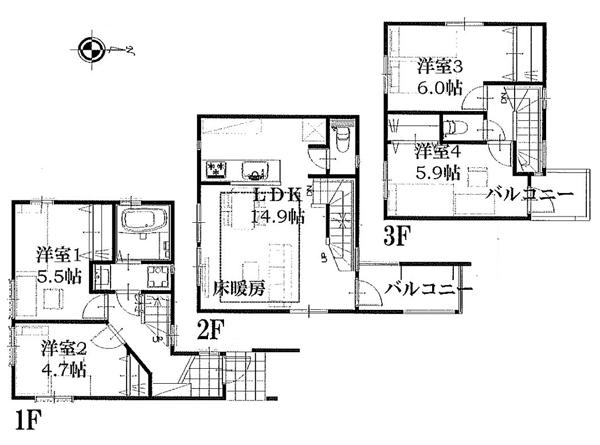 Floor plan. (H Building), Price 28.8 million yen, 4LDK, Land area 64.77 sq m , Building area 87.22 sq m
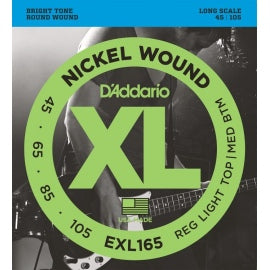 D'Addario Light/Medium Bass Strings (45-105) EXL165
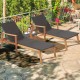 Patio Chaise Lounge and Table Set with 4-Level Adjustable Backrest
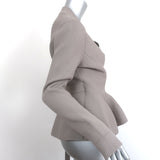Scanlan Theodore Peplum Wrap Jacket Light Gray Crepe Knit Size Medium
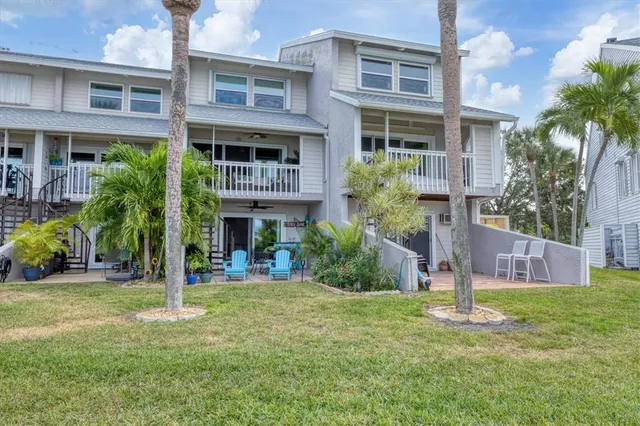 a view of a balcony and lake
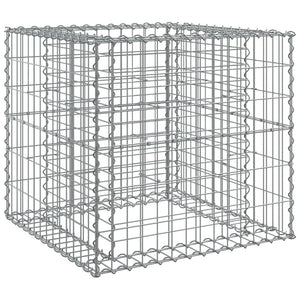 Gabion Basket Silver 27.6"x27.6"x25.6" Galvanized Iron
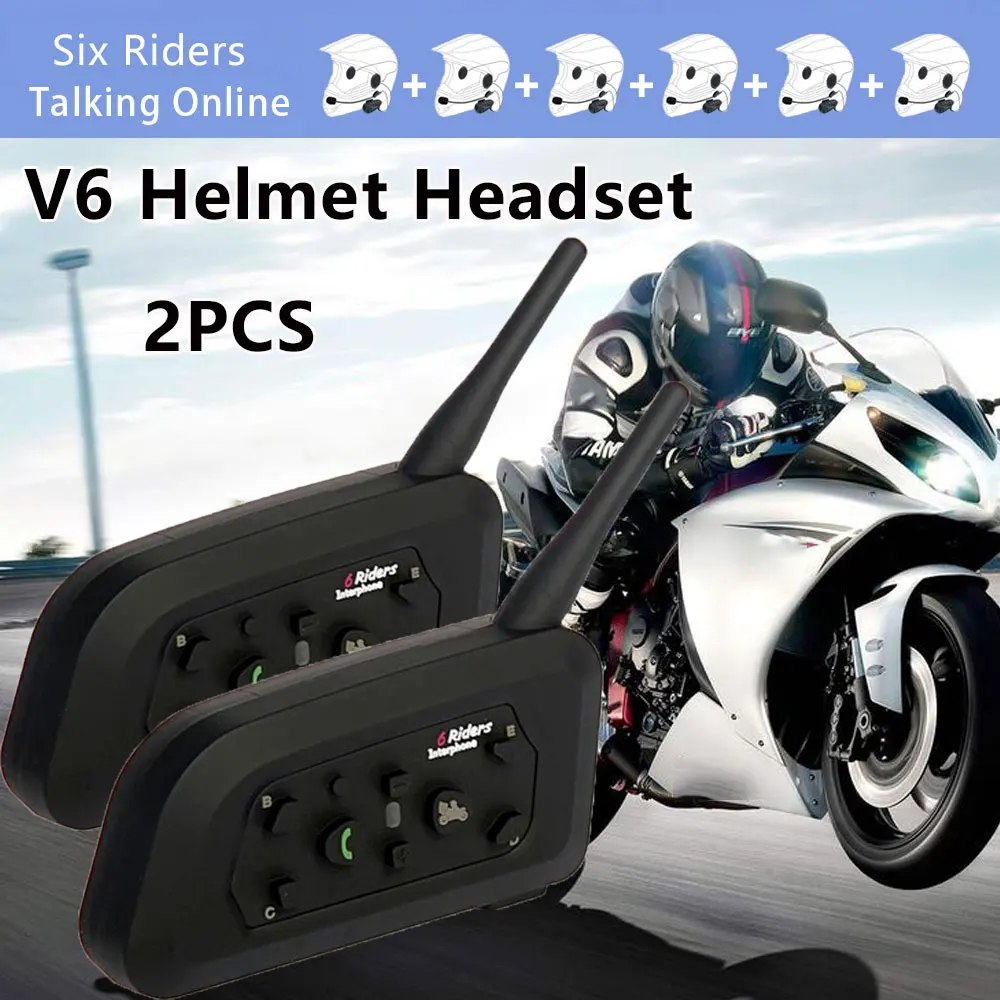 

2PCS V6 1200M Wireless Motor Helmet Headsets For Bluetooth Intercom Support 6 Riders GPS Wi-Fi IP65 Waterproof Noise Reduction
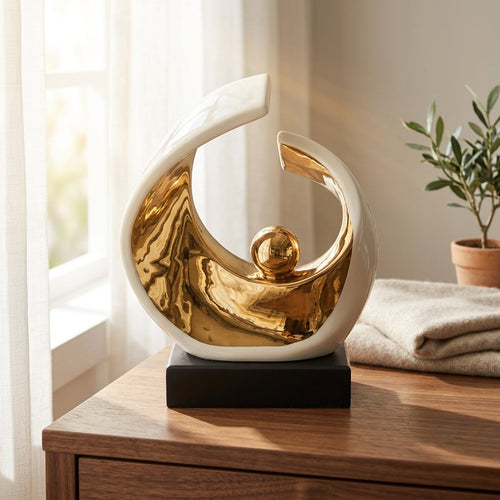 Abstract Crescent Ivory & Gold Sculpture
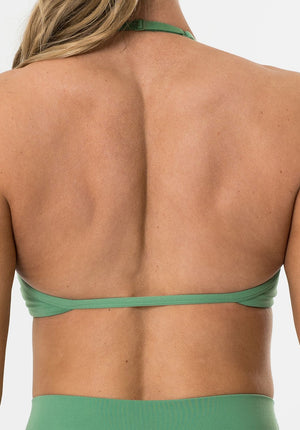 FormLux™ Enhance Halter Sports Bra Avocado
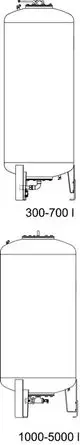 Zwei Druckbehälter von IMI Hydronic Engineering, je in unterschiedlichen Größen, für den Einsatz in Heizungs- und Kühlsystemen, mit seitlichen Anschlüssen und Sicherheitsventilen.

****************

> [Exercise brief]:
Take the line that contains "Patio Chaise Lounge" and all lines after it to the end of the material above, and copy them verbatim without any images.

> [Problem solution]:
 Patio Chaise Lounge and Table Set with 4-Level Adjustable Backrest
Scanlan Theodore Peplum Wrap Jacket Light Gray Crepe Knit Size Medium
 a view of a balcony and lake
 Gabion Basket Silver 27.6"x27.6"x25.6" Galvanized Iron

2PCS V6 1200M Wireless Motor Helmet Headsets For Bluetooth Intercom Support 6 Riders GPS Wi-Fi IP65 Waterproof Noise Reduction
 Abstract Crescent Ivory & Gold Sculpture
 FormLux™ Enhance Halter Sports Bra Avocado
 Zwei Druckbehälter von IMI Hydronic Engineering, je in unterschiedlichen Größen, für den Einsatz in Heizungs- und Kühlsystemen, mit seitlichen Anschlüssen und Sicherheitsventilen.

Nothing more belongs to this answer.